This week in labor history: April 10-16

APRIL 10
1917 – A total of 133 people, mostly women and girls, are killed when an explosion in the loading room tears apart the Eddystone Ammunition Works in Eddystone, Pa., near Chester. Of the dead, 55 were never identified.
1997 – Dancers from the Lusty Lady Club in San Francisco’s North Beach ratify their first-ever union contract by a vote of 57-15, having won representation by SEIU Local 790 the previous summer. The club, which later became a worker-owned cooperative, closed in 2013.
2006 – Tens of thousands of immigrants demonstrate in 100 U.S. cities in a national day of action billed as a campaign for immigrants’ dignity.

APRIL 11
1941 – Ford Motor Company signs first contract with United Auto Workers.
1947 – Jackie Robinson, first Black ballplayer hired by a major league team, plays his first game with the Brooklyn Dodgers at Ebbetts Field.
1980 – Some 34,000 New York City Transit Authority workers, 11 days into a strike for higher wages, end their walkout with agreement on a nine percent increase in the first year and eight percent in the second, along with cost-of-living protections.
1980 – The Equal Employment Opportunity Commission issues regulations prohibiting sexual harassment of workers by supervisors in the workplace.
1986 – Police in Austin, Minn., tear-gas striking Hormel meatpacking workers.

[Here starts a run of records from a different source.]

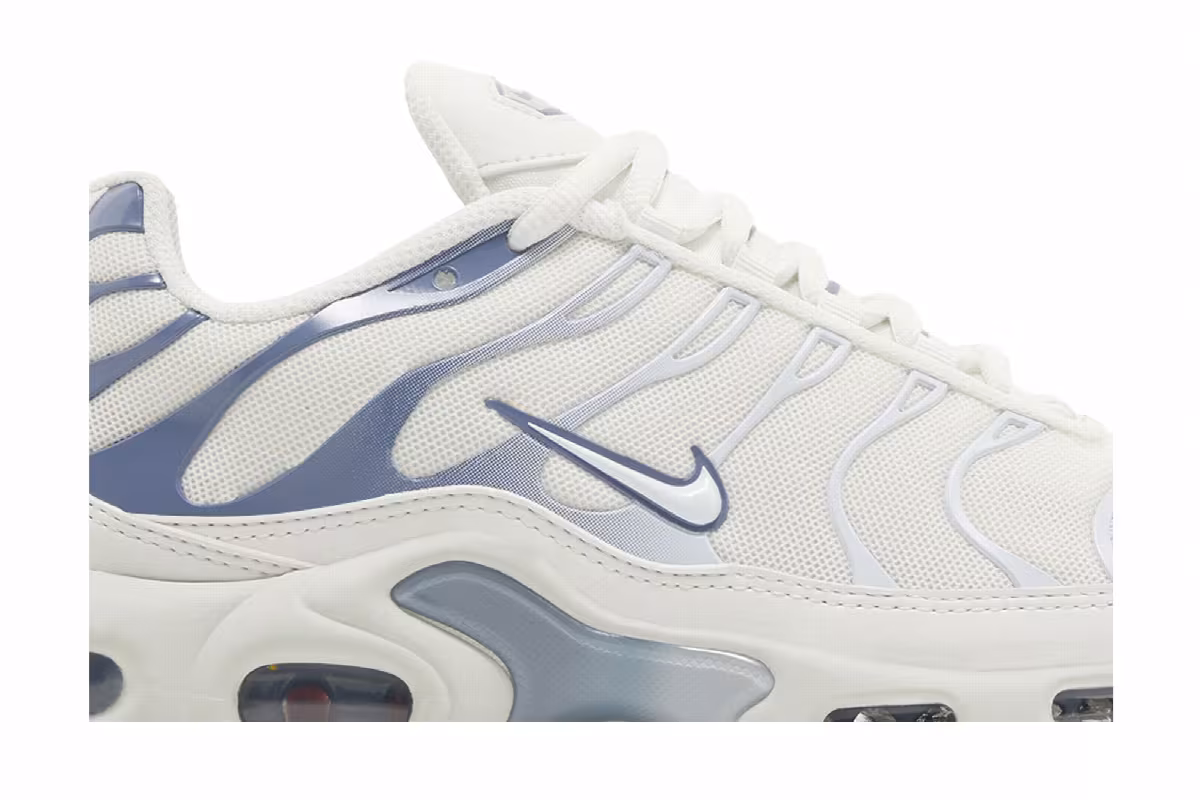 Nike Women's Air Max Plus Ashen Slate, view 3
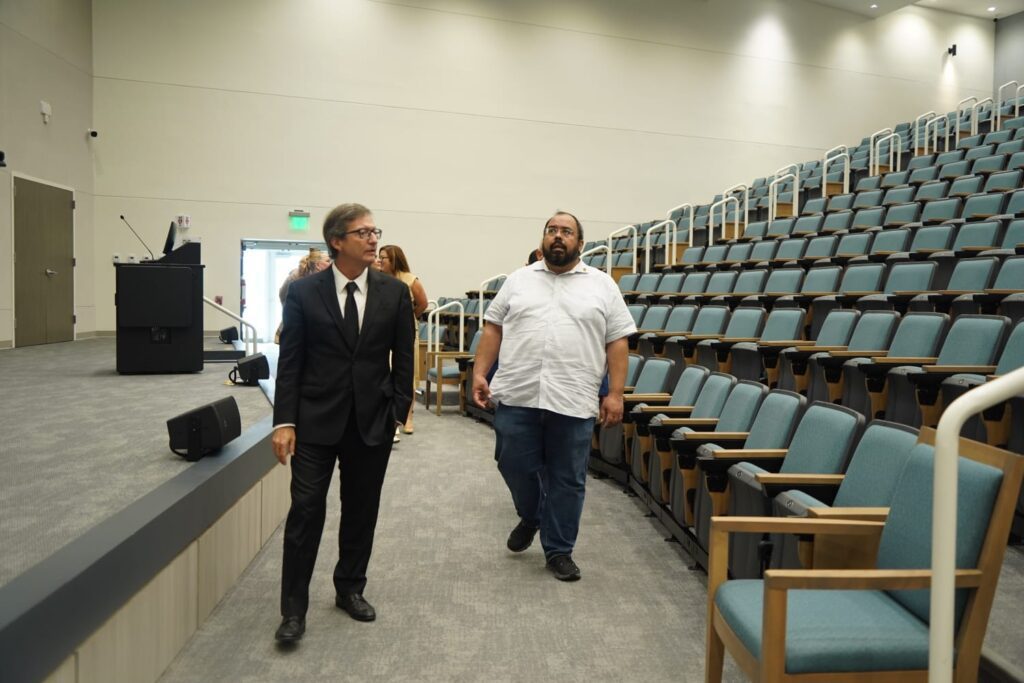 dr. gino natalicchio y el hon. eliezer ramos durante recorrido en phsu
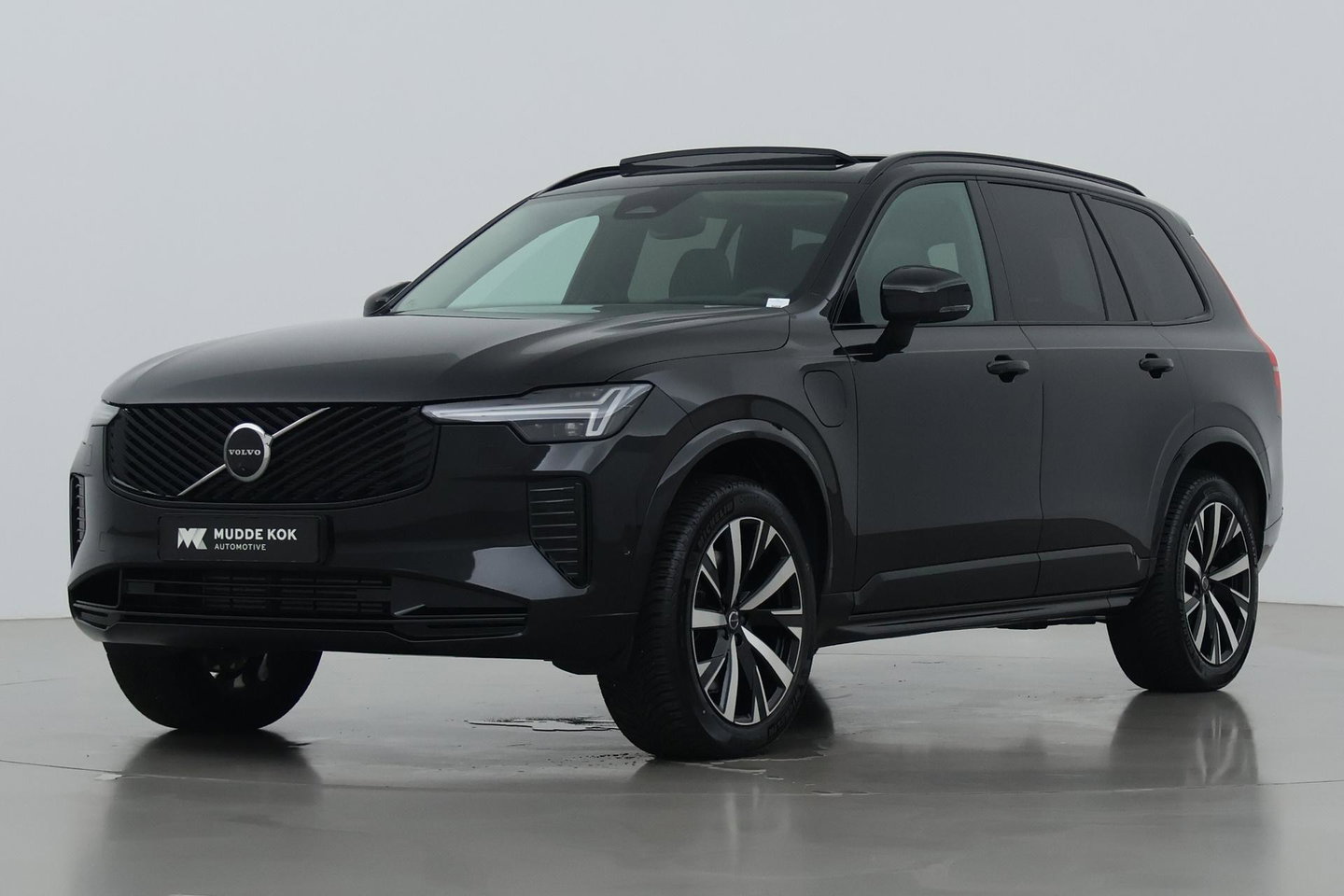 Volvo XC90 T8 Ultra Dark | Bowers&Wilkins | Stoelventilatie | Trekhaak | Panoramadak | 360° Camera | Massage | Head-Up | ACC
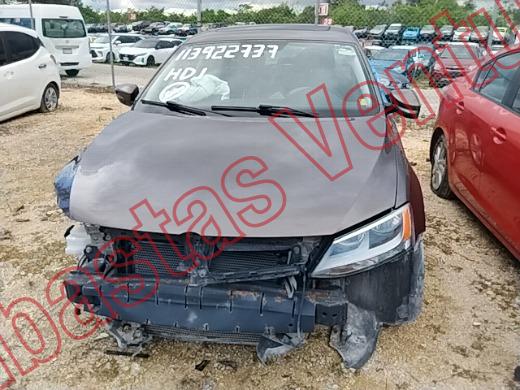 VOLKSWAGEN JETTA 2013, foto 2 de 19
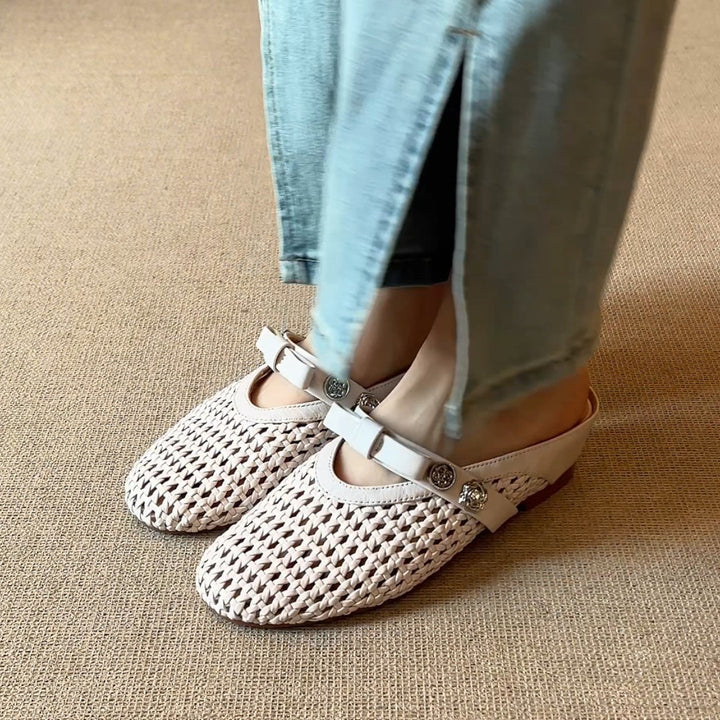 Femme Mesh Slip-On Mules med dekorativ sløjfe- og knapdetalje Stilla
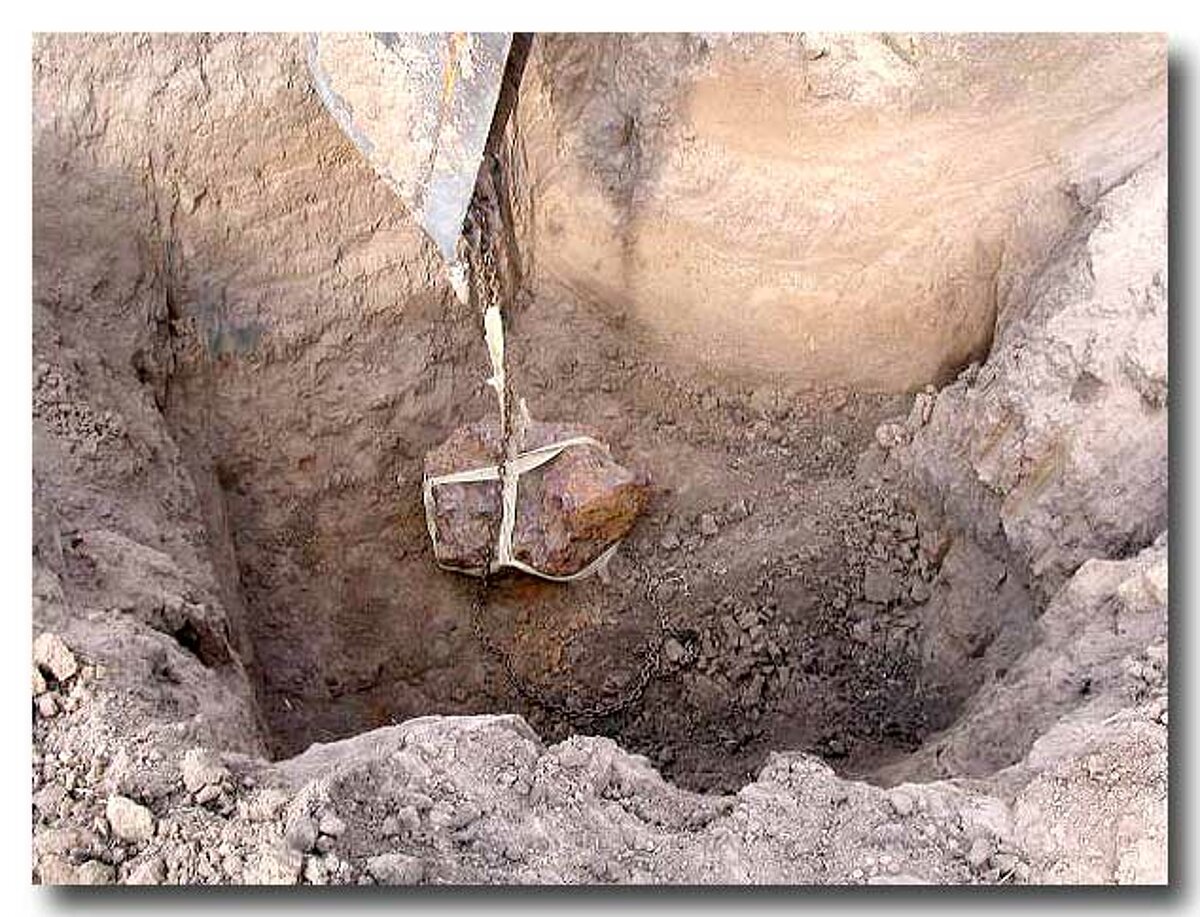 Brenhemas meteorīta galvenās masas izcelšana. https://www.meteorite-times.com/Back_Links/2006/February/Meteorite_People.htm Brenhemas meteorīta galvenās masas izcelšana. https://www.meteorite-times.com/Back_Links/2006/February/Meteorite_People.htm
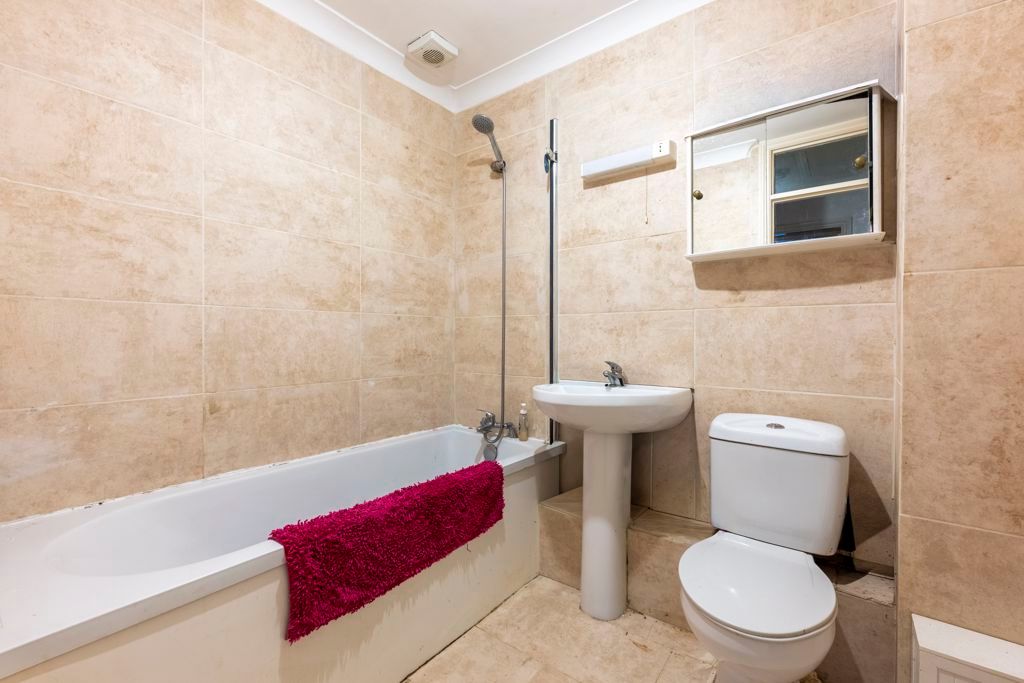 Additional image 9 of 1 bed flat for saleHigh Street, Heathfield TN21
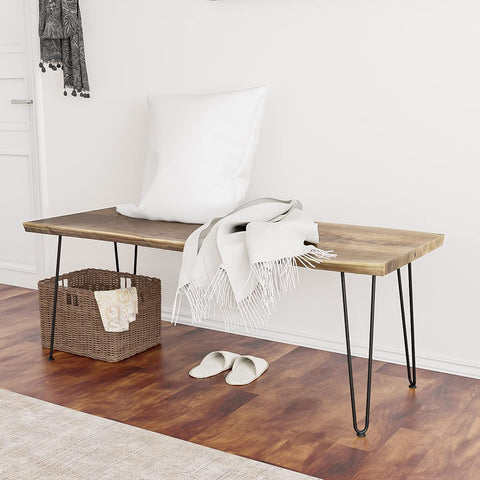 SMARTSTANDARD 18-inch leg with rubber feet protecting floors during use.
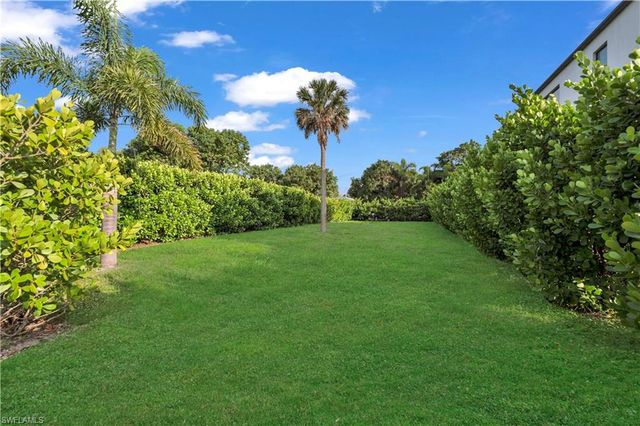 3010 Coco AVE, Naples, FL 34112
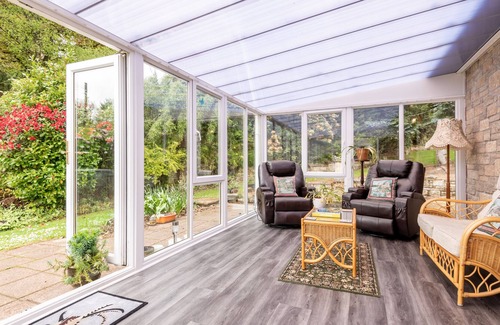 Crieff House | 3 bedroom bungalow w/htub & private loch access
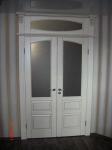 Двери межкомнатные Адель массив+шпон ясеня белого, крашенные с патиной под лаком.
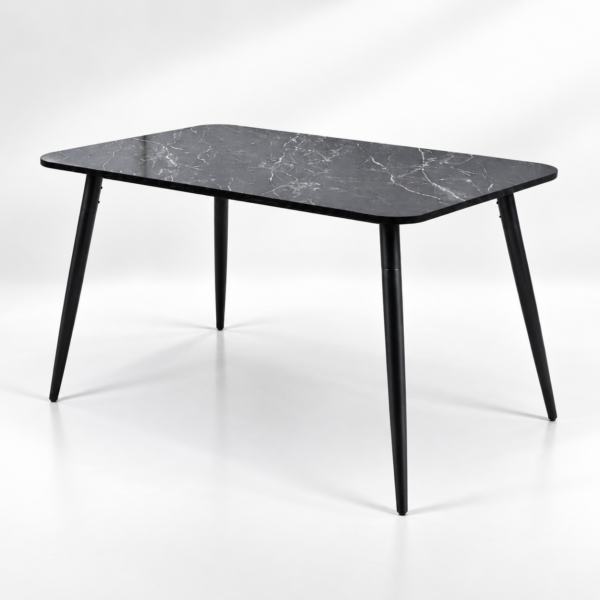 Table à manger rectangulaire noire avec plateau effet marbre dans un décor minimaliste lumineux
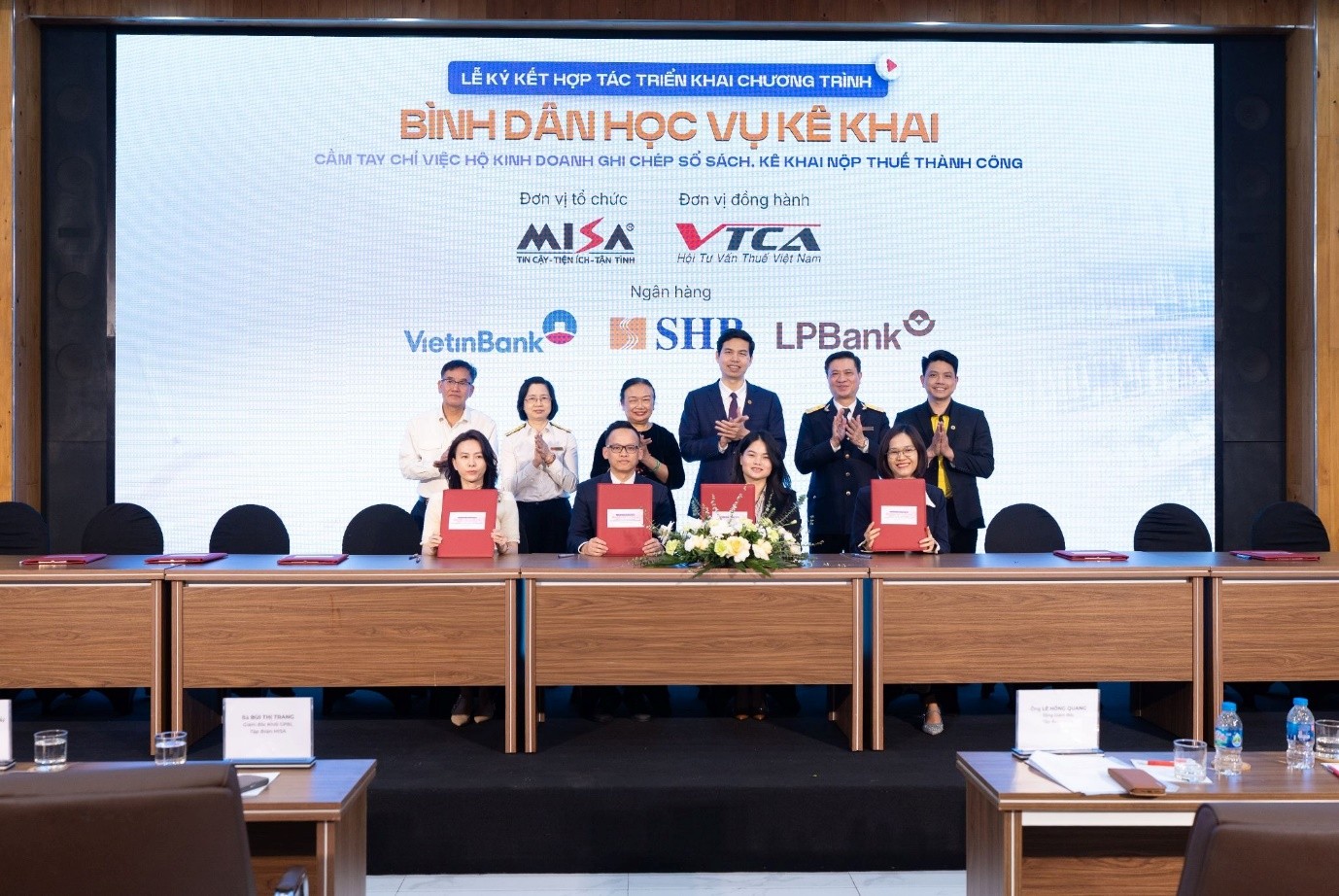 SHB tham gia hỗ trợ hộ kinh doanh kê khai thuế minh bạch- Ảnh 1. SHB tham gia hỗ trợ hộ kinh doanh kê khai thuế minh bạch- Ảnh 1.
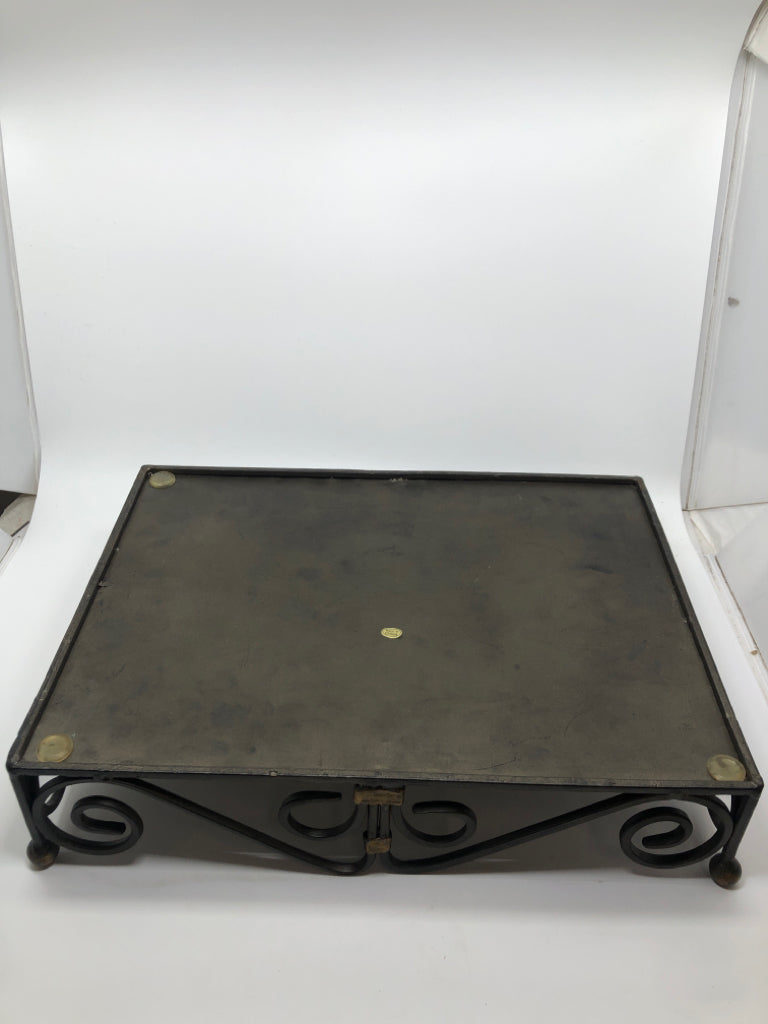 METAL SCROLL TRAY.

Seventeen strikers are arrested on felony riot charges.

APRIL 12
1858 – A group of “puddlers” — craftsmen who manipulated pig iron to create steel — met in a Pittsburgh bar and formed The Iron City Forge of the Sons of Vulcan. It was the strongest union in the U.S. in the 1870s, later merging with two other unions to form what was to be the forerunner of the United Steel Workers.
1909 – The Union Label and Service Trades Department is founded by the American Federation of Labor. Its mission: promote the products and services of union members.
1912 – Twenty “girl millworkers,” attempting to relieve striking pickets at the Garfield, New Jersey, mill of Forstmann and Huffmann, were beaten “when they did not move fast enough to suit” 30 special deputies who ordered them off the site, according to a news report.
1934 – The Toledo (Ohio) Auto-Lite strike begins today with 6,000 workers demanding union recognition and higher pay. The strike is notable for a five-day running battle in late May between the strikers and 1,300 members of the Ohio National Guard. Known as the “Battle of Toledo,” the clash left two strikers dead and more than 200 injured.  The two-month strike, a win for the workers’ union, is regarded by many labor historians as one of the nation’s three most important strikes.

APRIL 13
1903 – Int’l Hod Carriers & Building Laborers’ Union (today’s Laborers’ Int’l Union) is founded, as 25 delegates from 23 Local Unions in 17 cities —representing 8,186 Laborers — meet in Washington, D.C.
1930 – A 17-year-old Jimmy Hoffa leads his co-workers at a Kroger warehouse in Clinton, Ind., in a successful job action: by refusing to unload a shipment of perishable strawberries, they forced the company to give in to their demands.  Among other things: the “strawberry boys” had to report to work at 4:30 a.m., stay on the job for 12 hours, and were paid 32 cents an hour — only if growers arrived with berries to unload. Plus, they were required to spend three-fourths of any earnings buying goods from Kroger.
1919 – Labor leader and Socialist Party founder Eugene V. Debs is imprisoned for opposing American entry into World War I. While in jail he ran for president and received one million votes.

APRIL 14
1930 – More than 100 Mexican and Filipino farm workers are arrested for union activities, Imperial Valley, Calif. Eight were convicted of “criminal syndicalism.”
2005 – The United Steelworkers and the Paper, Allied-Industrial, Chemical and Energy Workers unions merge to form the largest industrial union in North America.

APRIL 15
1889 – A. Philip Randolph, civil rights leader and founder of the Brotherhood of Sleeping Car Porters, born in Crescent City, Fla.
1912 – Eight members of the Musicians union die in the sinking of the Titanic. According to survivors, they played their instruments until nearly the end. Five weeks later a concert organized by the union to benefit the musicians’ families, held in a theater donated for the evening by impresario Flo Ziegfeld, featured the talents of 500 musicians. The evening ended with a rendering of “Nearer, My God, to Thee,” the hymn being played as the ship went down. The union at the time was called the Musical Mutual Protective Union Local 310, the New York affiliate of the American Federation of Musicians.
1916 – Teacher unionists gather at the City Club on Plymouth Court in Chicago to form a new national union: the American Federation of Teachers.
1919 – Start of ultimately successful six-day strike across New England by one of the earliest women-led American unions, the Telephone Operators Department of IBEW.

APRIL 16
1916 – Employers lock out 25,000 New York City garment workers in a dispute over hiring practices. The Int’l Ladies’ Garment Workers Union calls a general strike; after 14 weeks, 60,000 strikers win union recognition and the contractual right to strike.
1947 – Five hundred workers in Texas City, Texas die in a series of huge oil refinery and chemical plant explosions and fires.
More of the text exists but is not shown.